Soweit der Plot von Das wandelnde Schloss, einem Anime-Film des Studios Ghibli von Hayao Miyazaki. Aufmerksamen Blogleserinnen mag dieser entfernt bekannt vorkommen. In der Tat entspricht er in wesentlichen Elementen demjenigen von Chihiros Reise ins Zauberland. Beide spielen an einem magischen, von Geistern und Mischwesen bevölkerten Ort, und in beiden ist es ein Mädchen oder eine junge Frau, die den Widrigkeiten, Animositäten und Kämpfen trotzt und durch Rückgrat und Integrität nicht nur ihre eigene, sondern auch die Befreiung anderer von bösem Zauber erreicht. Spielte Chihiro in einem von der japanischen Mythologie geprägtem Fantasieuniversum, so ist die Welt des wandelnden Schlosses uns Westlern durch ihre Anleihen beim Elsass und beim Ersten Weltkrieg weniger kryptisch. Beiden Filmen gemeinsam sind die Absenz von Schwarzweissmalerei, die Vielschichtigkeit der Figuren, das Katz-und-Maus-Spiel mit unseren Erwartungen und das visuelle Vergnügen, das die opulenten, unglaublich kreativen Bilder bereiten.

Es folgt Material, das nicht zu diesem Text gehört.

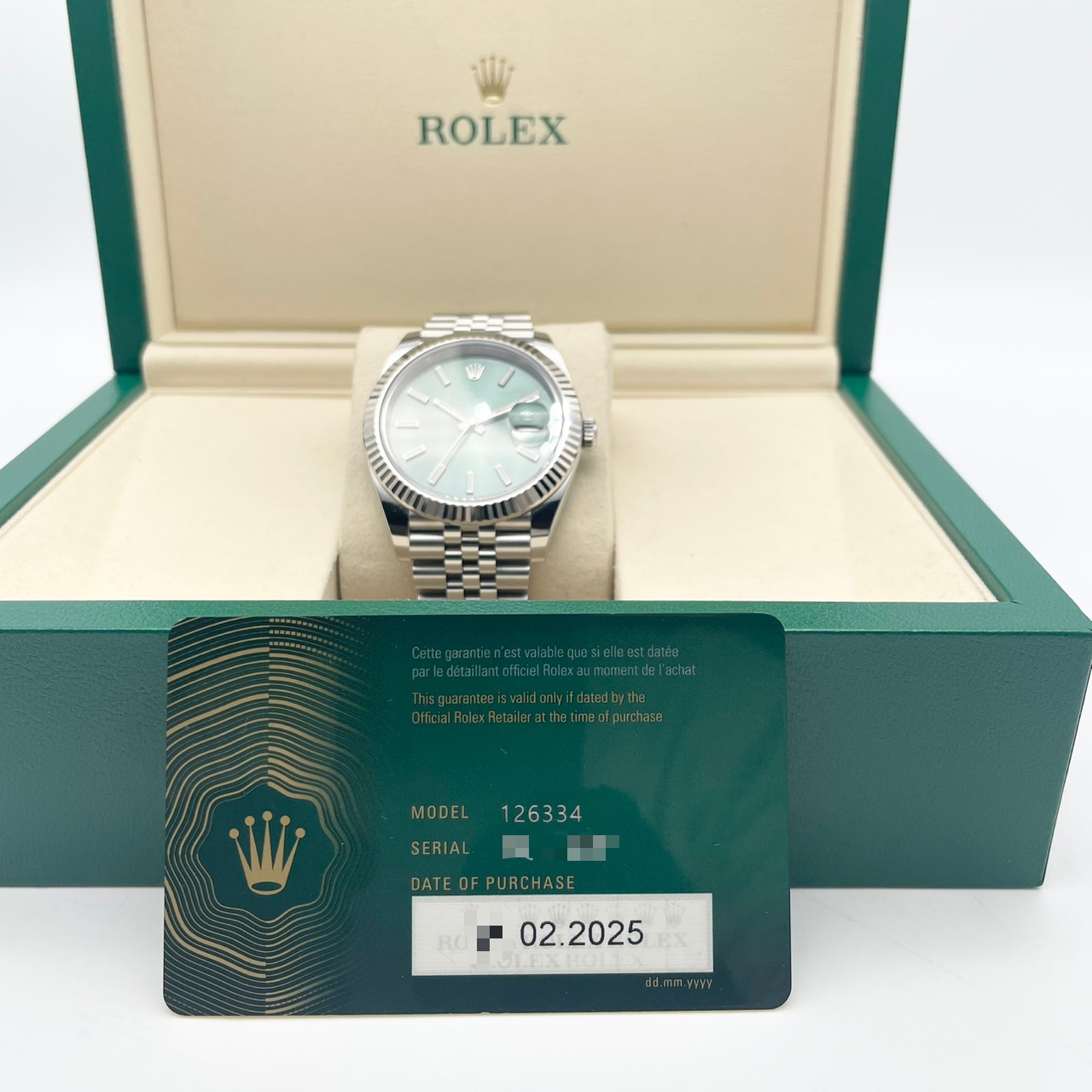 ロレックス デイトジャスト 126334 ミントグリーン ジュビリーブレスレット 41mm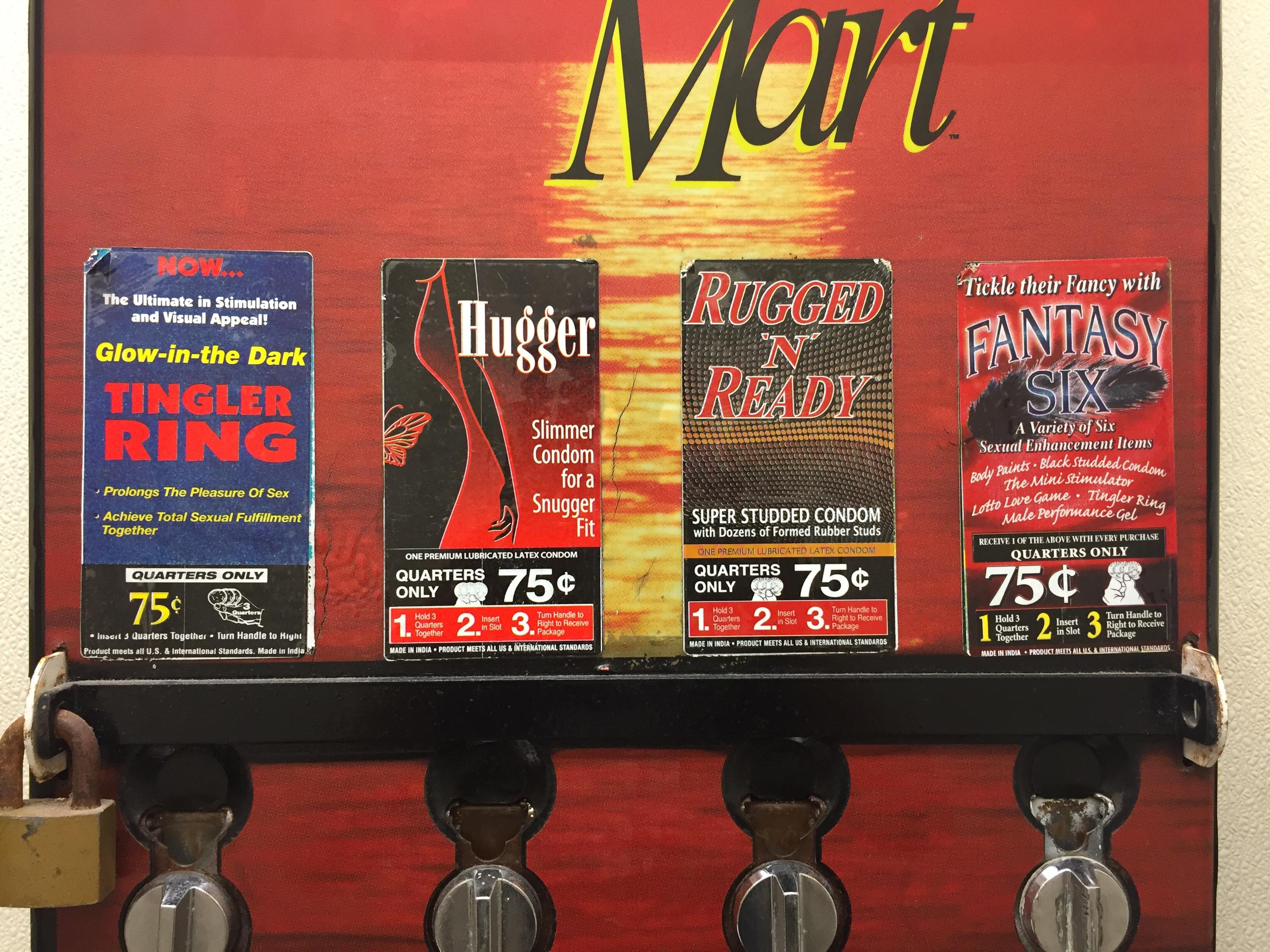 0.75 condoms in a gas station bathroom. r/mildlyinteresting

Technisches: Das wandelnde Schloss ist in verschiedenen Editionen auf DVD erhältlich. Die Vorlage, übrigens, ist das Kinderbuch Howl's Moving Castle von Diana Wynne Jones.

Freitag, 1. Mai 2009

Zweites Kerzchen

Der zweite Geburtstag von Phemios Aoidos ist in eine Woche mit relativ gedrängter Offline-Aktivität gefallen und wird deshalb erst heute auf gewohnt bescheidene Weise nachgefeiert: mit einer leichten Anpassung der Labels sowie einer Lizenzänderung auf CC-BY. Darüber hinaus will ich hier gar nicht viel sagen, sondern widme mich lieber wieder meiner Artikelpipeline. Bis bald, und weiterhin gute Lektüre!